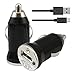 Price comparison product image Samsung Galaxy A5 2017 - USB TYPE C Travel Adapter Car Charger For Samsung Galaxy A5 2017 (USB TYPE C Car Charger) By KP TECHNOGY [NOT COMPATIBLE WITH A5 2015 AND A5 2016 VERSIONS]
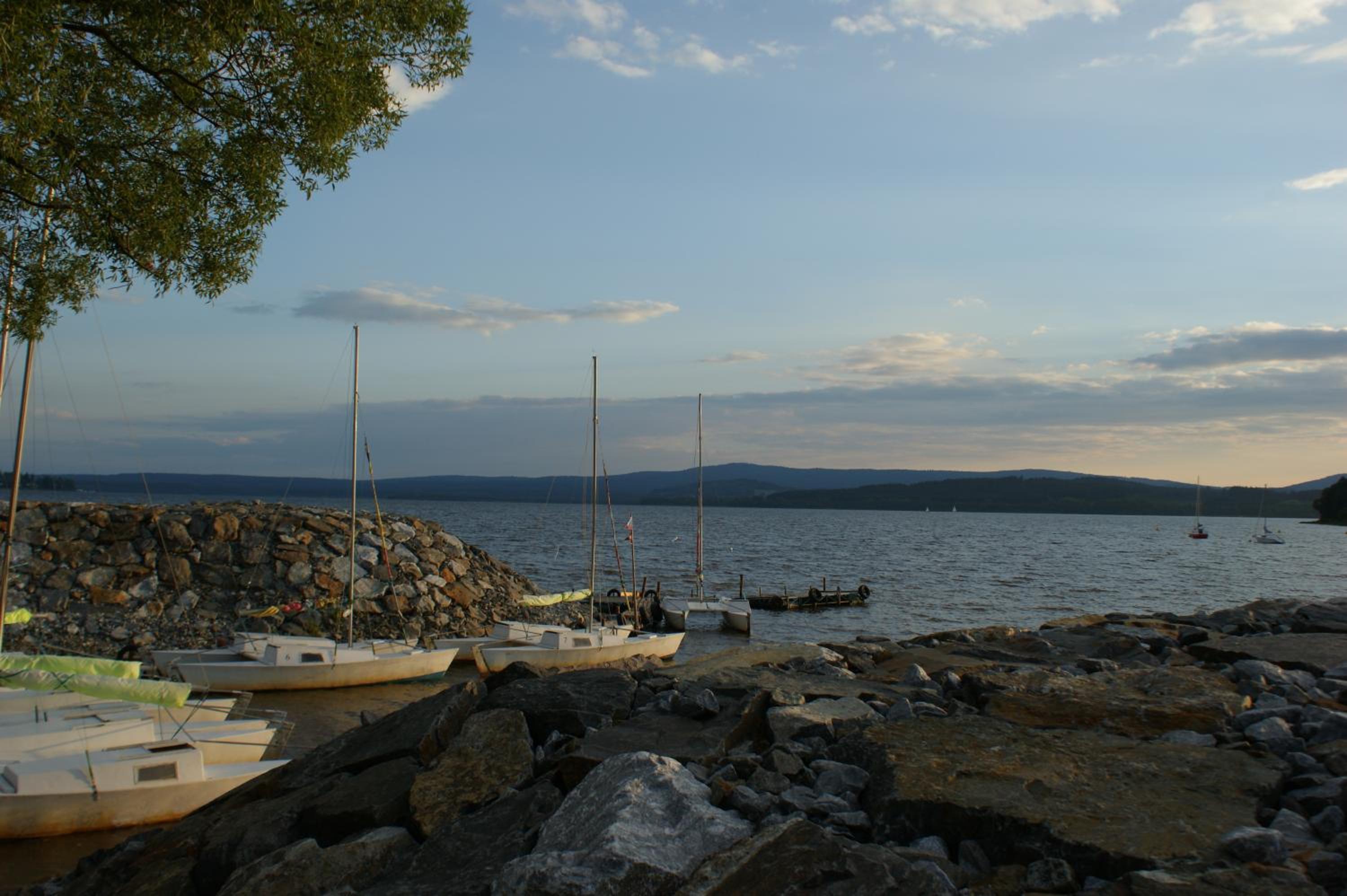 Apartmá Lipno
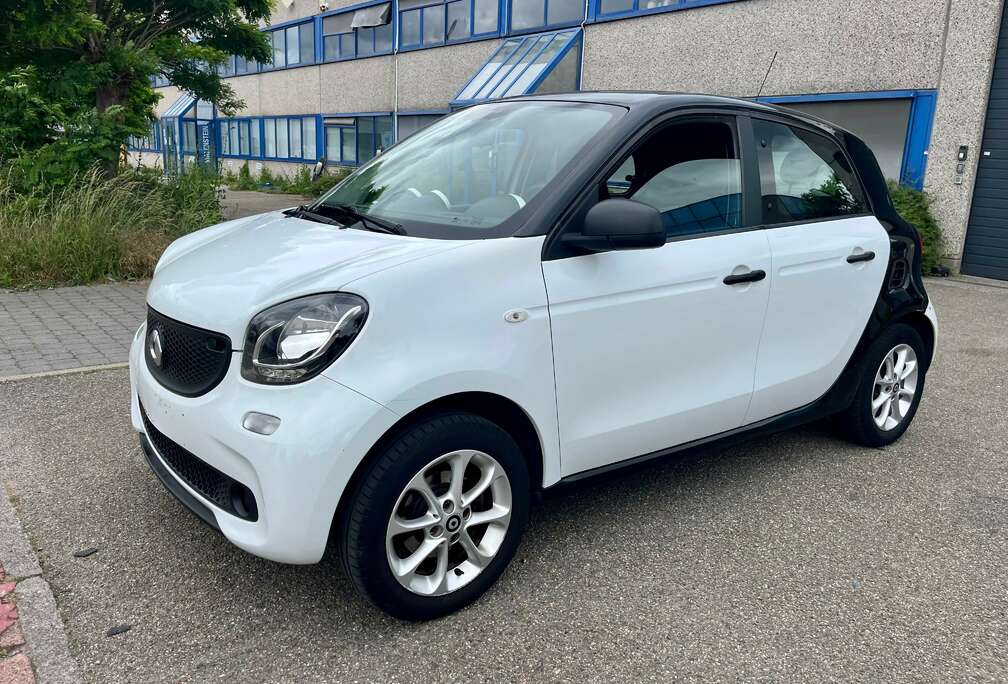 Smart Forfour 1.0i Pure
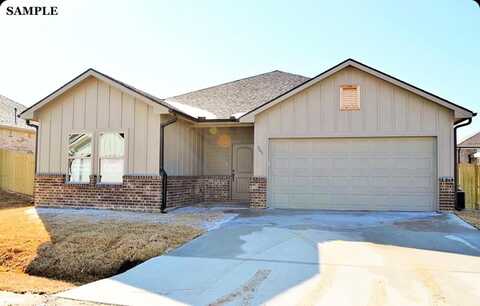 311 Rike, Mabank, TX 75156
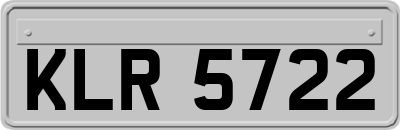 KLR5722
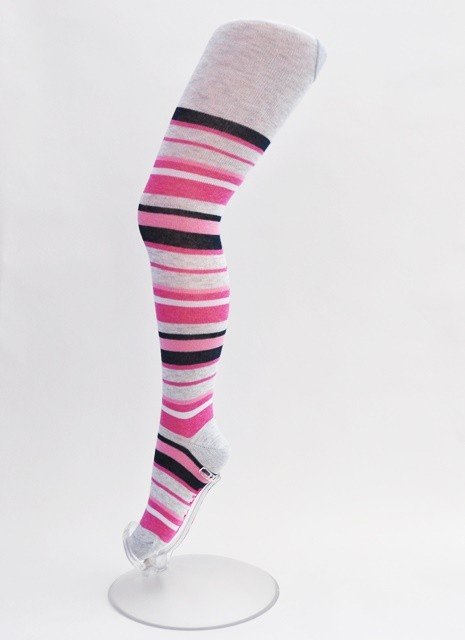 Conte-Kids Tip-Top #4С-01СП(230) - Cotton Tights for Girls & Boys 12/24m.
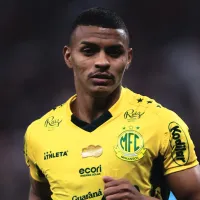 Negueba detalha superação do álcool e crescimento pessoal no Mirassol: “Me fez rever o meu futuro”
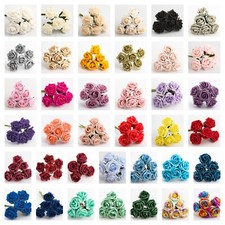 5CM FOAM ROSES - Bunch of 6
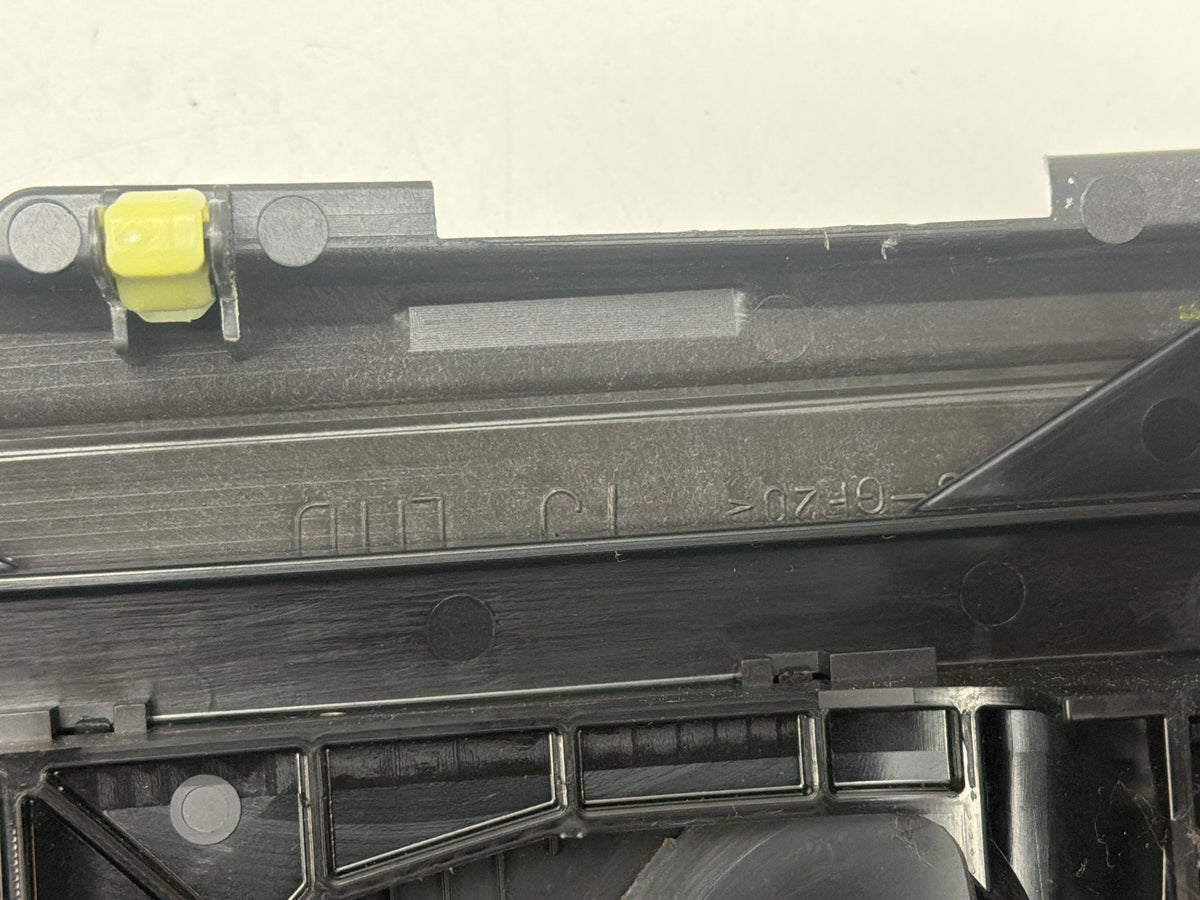 2010-2015 Lexus IS250C Center Console Gearshift Surround Trim 35974K53080 OEM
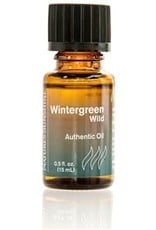 Nature's Sunshine Wintergreen Oil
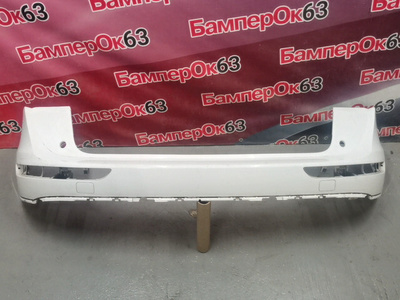8R0807511 бампер Audi Q5 8R 2008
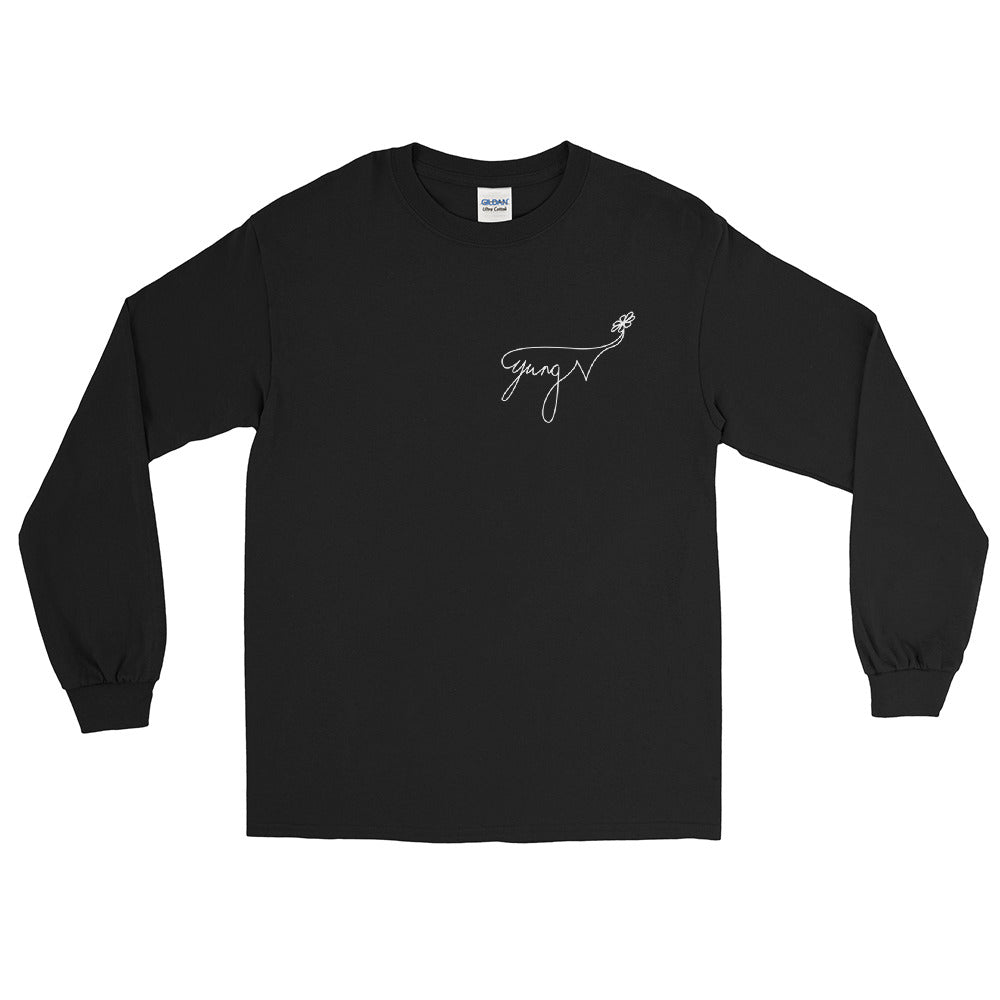 Yung V LS Tee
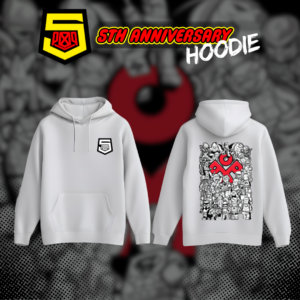 Hoodie White (Pre-Order)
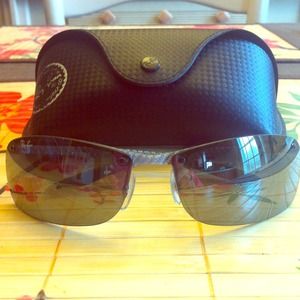 Ray-Ban Tech Polarized w/case Unisex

____

(Exercise aim):
The answer is the lines above from the one with "Smart Forfour 1.0i Pure" to the one with "Negueba detalha superação", set down exactly, with no pictures.

(Output of the task):
 Smart Forfour 1.0i Pure
 311 Rike, Mabank, TX 75156
 KLR5722
 Conte-Kids Tip-Top #4С-01СП(230) - Cotton Tights for Girls & Boys 12/24m.
 Negueba detalha superação do álcool e crescimento pessoal no Mirassol: “Me fez rever o meu futuro”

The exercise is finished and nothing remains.